▸ Collected data entries
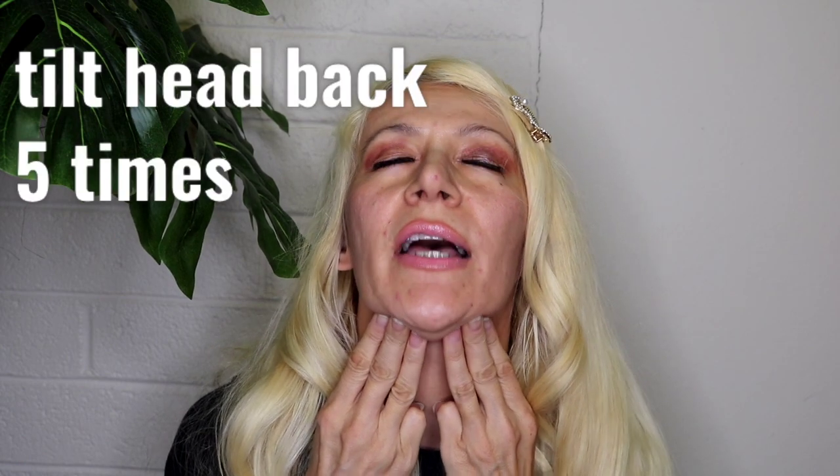Now we're going to take our fingers, put them under the chin, and we're going to tilt the head back. We're going to pulse five times — one, two, three, four, and five. Very good. You should start feeling a warmth right here through the neck area. I feel it in the back of the neck as well.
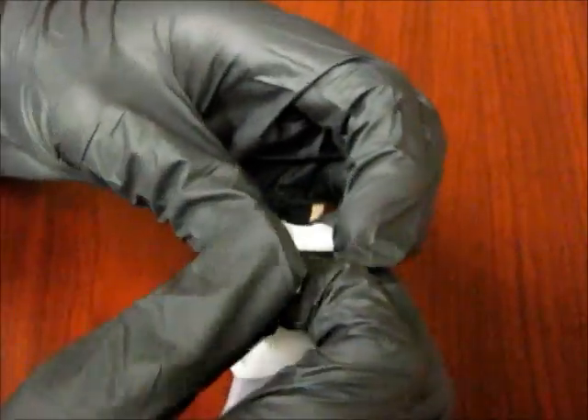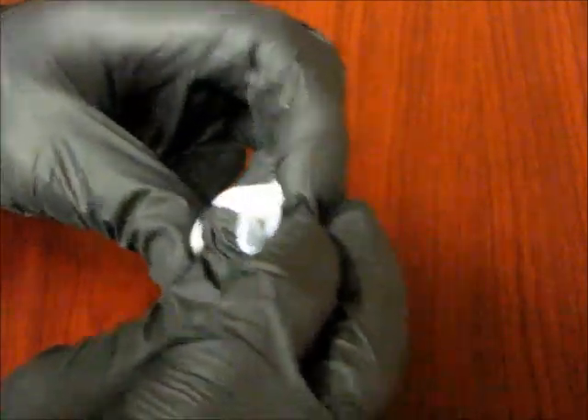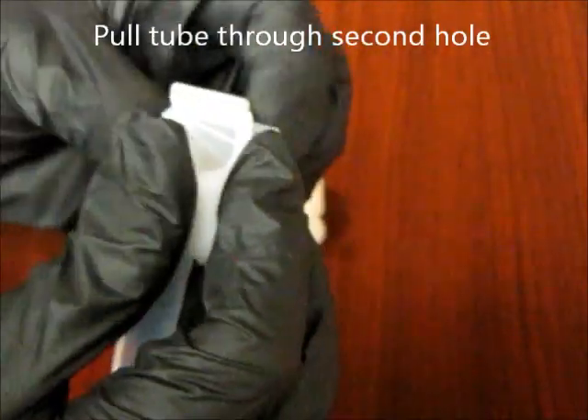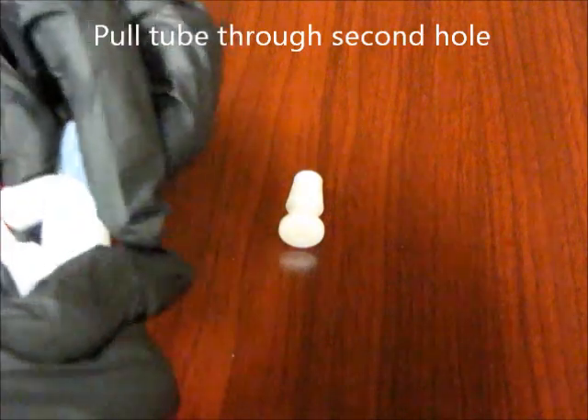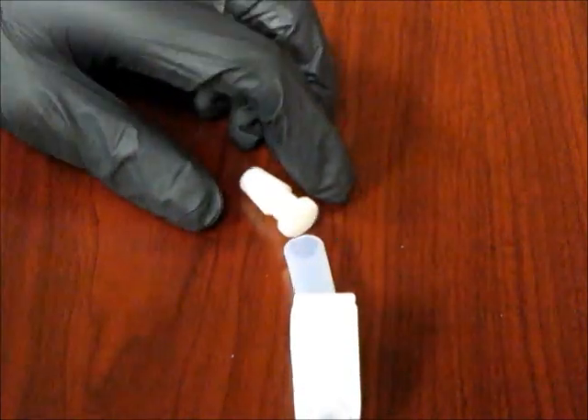At that point, you can begin threading the tube through the upper hole of the clamp. It is important to note that the clamp must always be facing outward towards the open end of the tube.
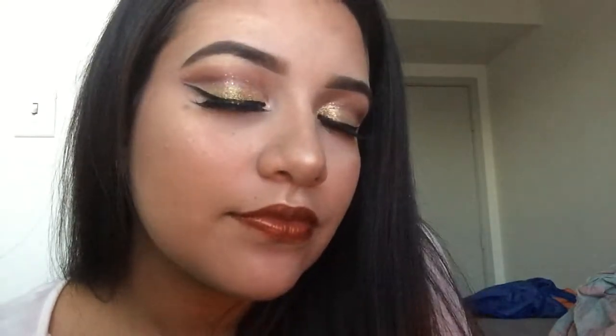Hey guys, so this is my second video and I did a cut crease glitter, so enjoy. I've already moisturized and primed — if you want to know what I use and how I put it on, it's in my last video. Here I'm just doing my eyebrows.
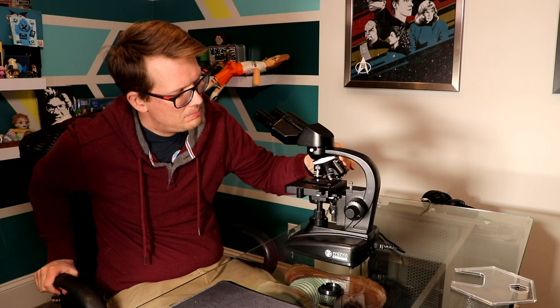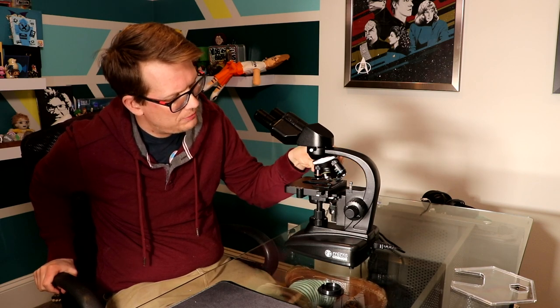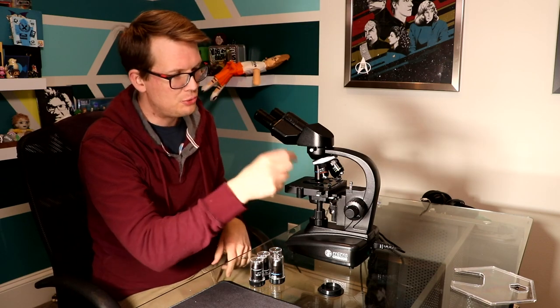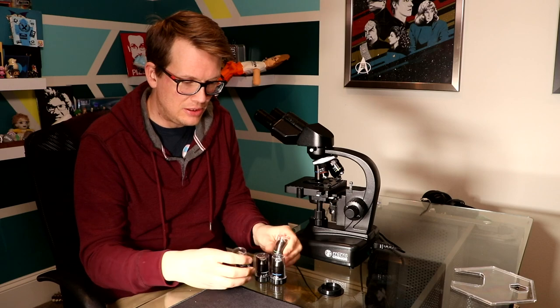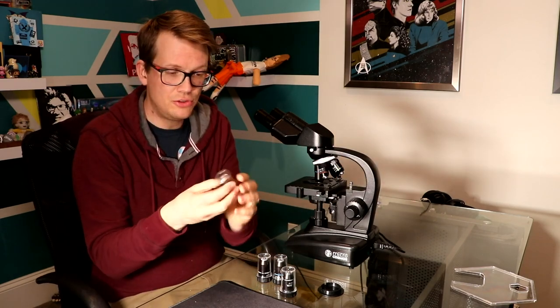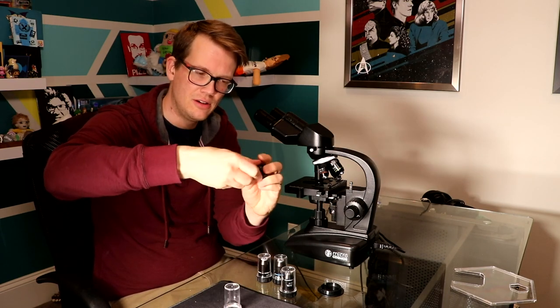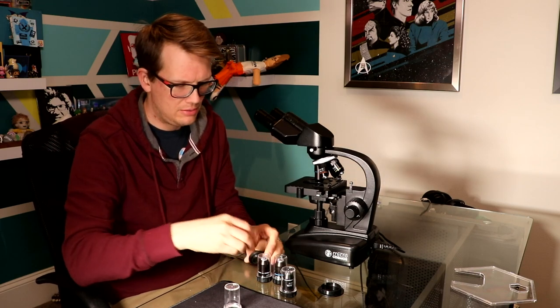You can move this around so that you start with your 40X magnification, go to 100, then 400, and then on here we've also got 1000. This is what the microscope comes with. If you've got the plan objectives, those are right here. The 1000X magnification is oil immersion, so you need some microscope oil which will come with your kit. You drip that onto the slide, then slide the objective into that oil, and the oil actually becomes a part of the lens — without that you can't use the 1000X magnification.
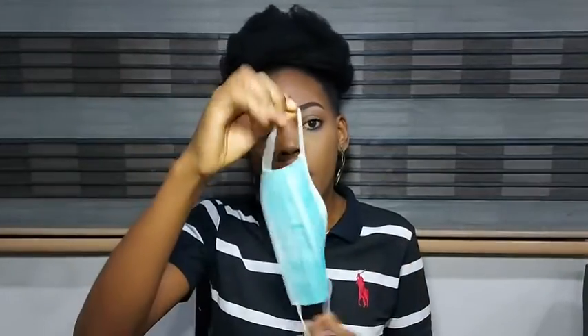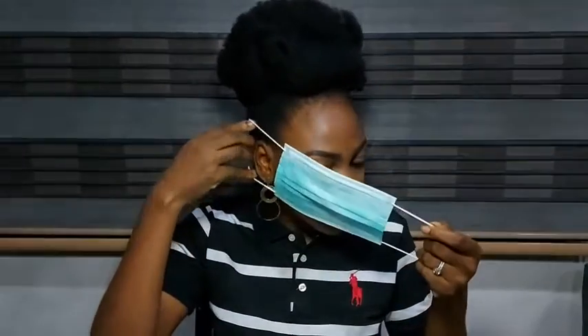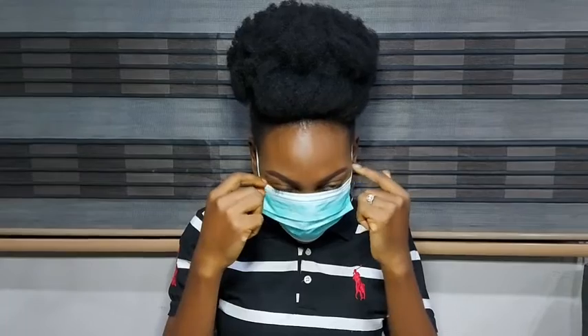When you have clean hands and you want to put the mask on, use the ear loops to put it on. Do not put your face mask down and pick it up by grabbing the mask body, because if I touch it like that I would have to throw the entire face mask away — I don't know what germs my hands have picked up. So use the ear loops to put on your face mask.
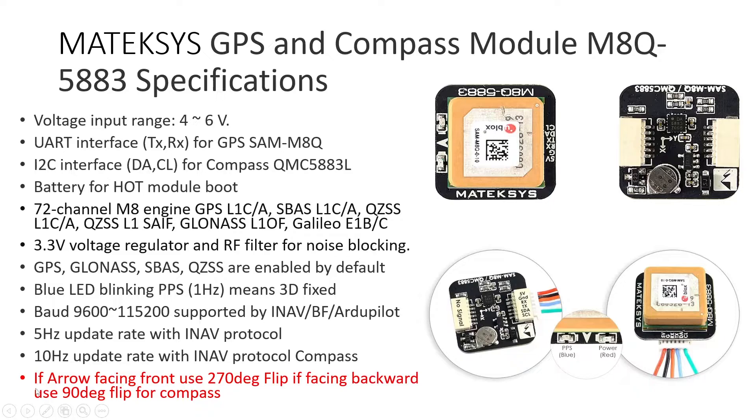There is an arrow on the top of the GPS module. If this arrow is facing towards the front of your drone, you need to configure the compass module as 270-degree flip. If it is facing towards the back or tail of your drone, you need to use a 90-degree flip for the compass. A separate video will cover how to install this GPS module on the drone frame and how to configure it in Betaflight, iNav, or ArduPilot firmware.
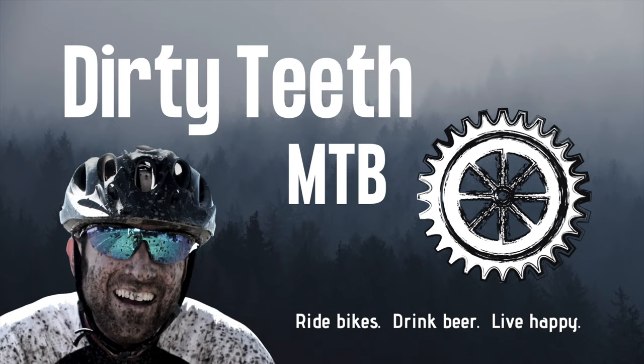That was a mouthful — thanks for hanging in to the end. That was my Everesting bike check. I have fresh content coming out every week; if you haven't subscribed to the channel please consider doing so. Feel free to punch the like button and chime in in the comments below. Until next time — ride bikes, drink beer, live happy. Thanks so much for squeezing Dirty Teeth into your busy schedule.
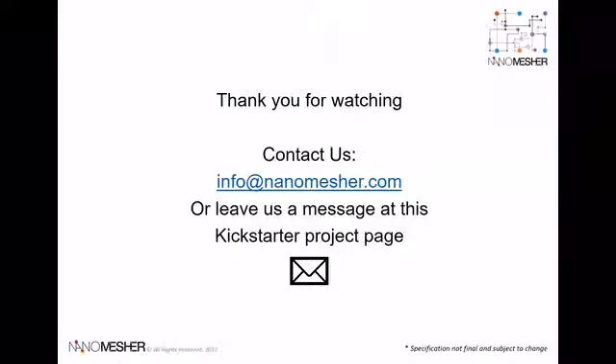Thank you for watching. Please send us an email or leave us a message on Kickstarter if you have any questions. Goodbye.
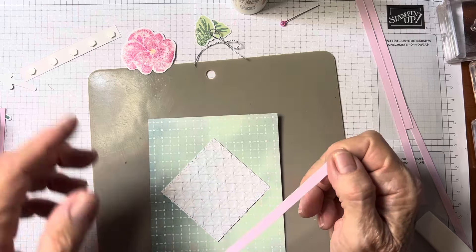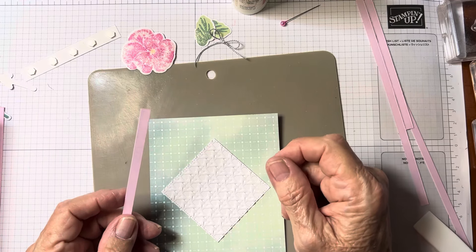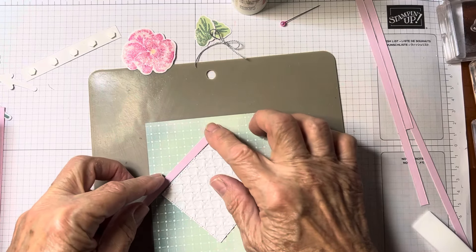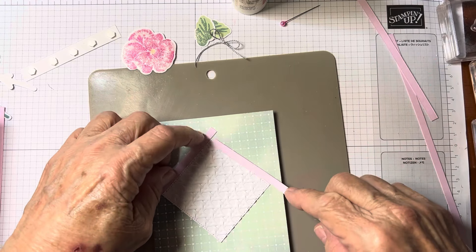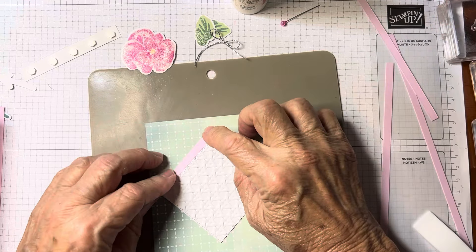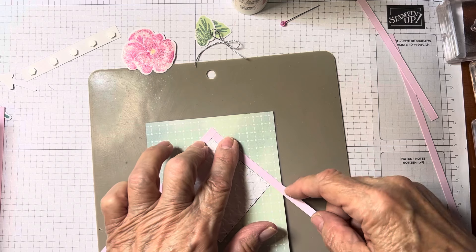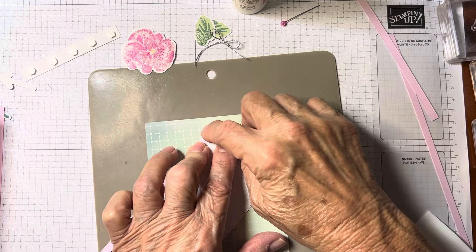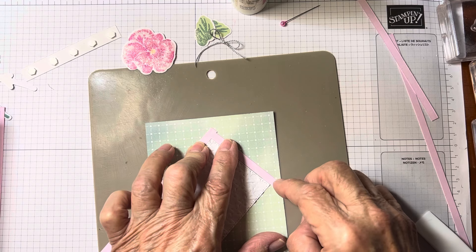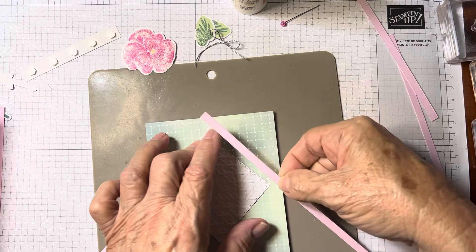Now you cut some strips. If you want bigger strips you can cut bigger strips; if you want a smaller square, cut half-inch strips. These are quarter-inch strips, and I cut them from some scraps. You're going to come around with these little strips all the way around. I'm putting one there to help me align it with the top of the little diamond — I don't want to go over or come in weird, so that's just to help me line it up.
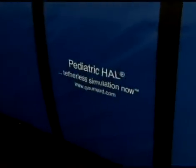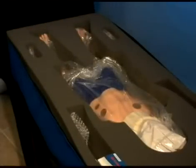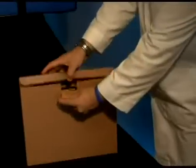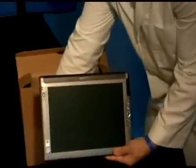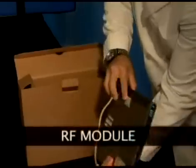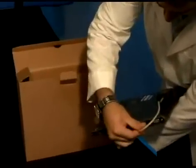The first task following the arrival of your new pediatric house simulator is to ensure you have received all the equipment and accessories. Remove the tablet computer, which is packaged separately, and connect the RF module to either one of the USB ports on the left side of the tablet.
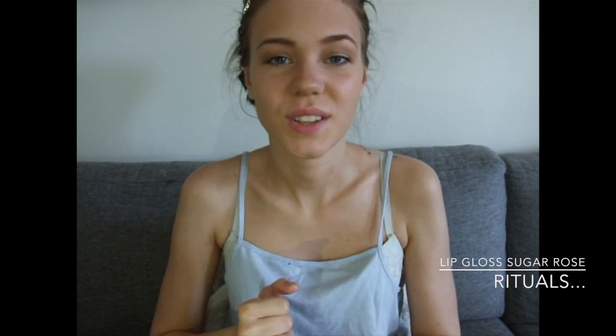I apply mascara off camera, and I use my Maybelline New York Volum' Express Volume Mascara. Last but not least I'm using my Rituals Sugar Rose lip gloss to top this look off. And now the look is complete — I hope you liked it, I hope you find it helpful, and I'll see you soon. Bye!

▸ Exercise description
Keeping the pictures out, print the entries above exactly as written.

▸ Answer to the problem
Now we're going to take our fingers, put them under the chin, and we're going to tilt the head back. We're going to pulse five times — one, two, three, four, and five. Very good. You should start feeling a warmth right here through the neck area. I feel it in the back of the neck as well.
At that point, you can begin threading the tube through the upper hole of the clamp. It is important to note that the clamp must always be facing outward towards the open end of the tube.
Hey guys, so this is my second video and I did a cut crease glitter, so enjoy. I've already moisturized and primed — if you want to know what I use and how I put it on, it's in my last video. Here I'm just doing my eyebrows.
You can move this around so that you start with your 40X magnification, go to 100, then 400, and then on here we've also got 1000. This is what the microscope comes with. If you've got the plan objectives, those are right here. The 1000X magnification is oil immersion, so you need some microscope oil which will come with your kit. You drip that onto the slide, then slide the objective into that oil, and the oil actually becomes a part of the lens — without that you can't use the 1000X magnification.
When you have clean hands and you want to put the mask on, use the ear loops to put it on. Do not put your face mask down and pick it up by grabbing the mask body, because if I touch it like that I would have to throw the entire face mask away — I don't know what germs my hands have picked up. So use the ear loops to put on your face mask.
There is an arrow on the top of the GPS module. If this arrow is facing towards the front of your drone, you need to configure the compass module as 270-degree flip. If it is facing towards the back or tail of your drone, you need to use a 90-degree flip for the compass. A separate video will cover how to install this GPS module on the drone frame and how to configure it in Betaflight, iNav, or ArduPilot firmware.
That was a mouthful — thanks for hanging in to the end. That was my Everesting bike check. I have fresh content coming out every week; if you haven't subscribed to the channel please consider doing so. Feel free to punch the like button and chime in in the comments below. Until next time — ride bikes, drink beer, live happy. Thanks so much for squeezing Dirty Teeth into your busy schedule.
Thank you for watching. Please send us an email or leave us a message on Kickstarter if you have any questions. Goodbye.
Now you cut some strips. If you want bigger strips you can cut bigger strips; if you want a smaller square, cut half-inch strips. These are quarter-inch strips, and I cut them from some scraps. You're going to come around with these little strips all the way around. I'm putting one there to help me align it with the top of the little diamond — I don't want to go over or come in weird, so that's just to help me line it up.
The first task following the arrival of your new pediatric house simulator is to ensure you have received all the equipment and accessories. Remove the tablet computer, which is packaged separately, and connect the RF module to either one of the USB ports on the left side of the tablet.
I apply mascara off camera, and I use my Maybelline New York Volum' Express Volume Mascara. Last but not least I'm using my Rituals Sugar Rose lip gloss to top this look off. And now the look is complete — I hope you liked it, I hope you find it helpful, and I'll see you soon. Bye!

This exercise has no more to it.